Em Aracaju, de acordo com a Secretaria Municipal da Saúde, até o momento não foi possível perceber resistência da população com relação à vacina da AstraZeneca. A aplicação segue sendo realizada conforme o cronograma de imunização da capital.

Na cidade de Rosário do Catete, segundo a Secretária de Saúde, Glicia Fontes, a vacina AstraZeneca passou a ser ofertada na última semana e até o momento a adesão segue normal. “Ontem (26) nós só trabalhamos com a AstraZeneca e o pessoal veio tranquilamente tomar. Não estamos tendo relatos nem de rejeição ao imunizante, nem de efeitos adversos. Só tivemos dois casos de febre em pacientes que tomaram o imunizante”, disse a secretária.

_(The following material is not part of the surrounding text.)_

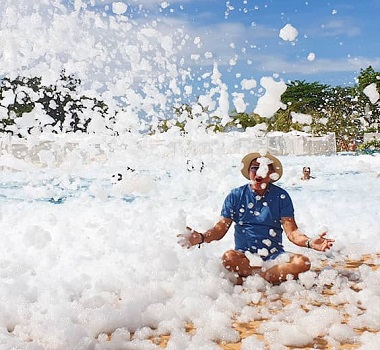 Boracay｜Foam Party at Crimson Resort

O mesmo foi relatado pela vacinadora Paloma Santos Nascimento, do município de Itabaiana. “Até o momento não percebemos problemas com a AstraZeneca. Até aqueles que chegam um pouco receosos, não deixam de tomar”, revela.

Em Estância, a Secretaria Municipal da Saúde não observou resistência dos pacientes ao imunizante. “Até agora estamos batendo a meta de vacinação toda semana, com cobertura do público-alvo”, disse a Comunicação da pasta.

A vacina AstraZeneca foi aprovada pela Agência Nacional de Vigilância Sanitária (Anvisa) e vem sendo aplicada no país inteiro, juntamente com a Coronavac. Conforme os estudos científicos divulgados, o imunizante garante segurança e eficácia de 100% nos casos graves da doença, que precisam de internação.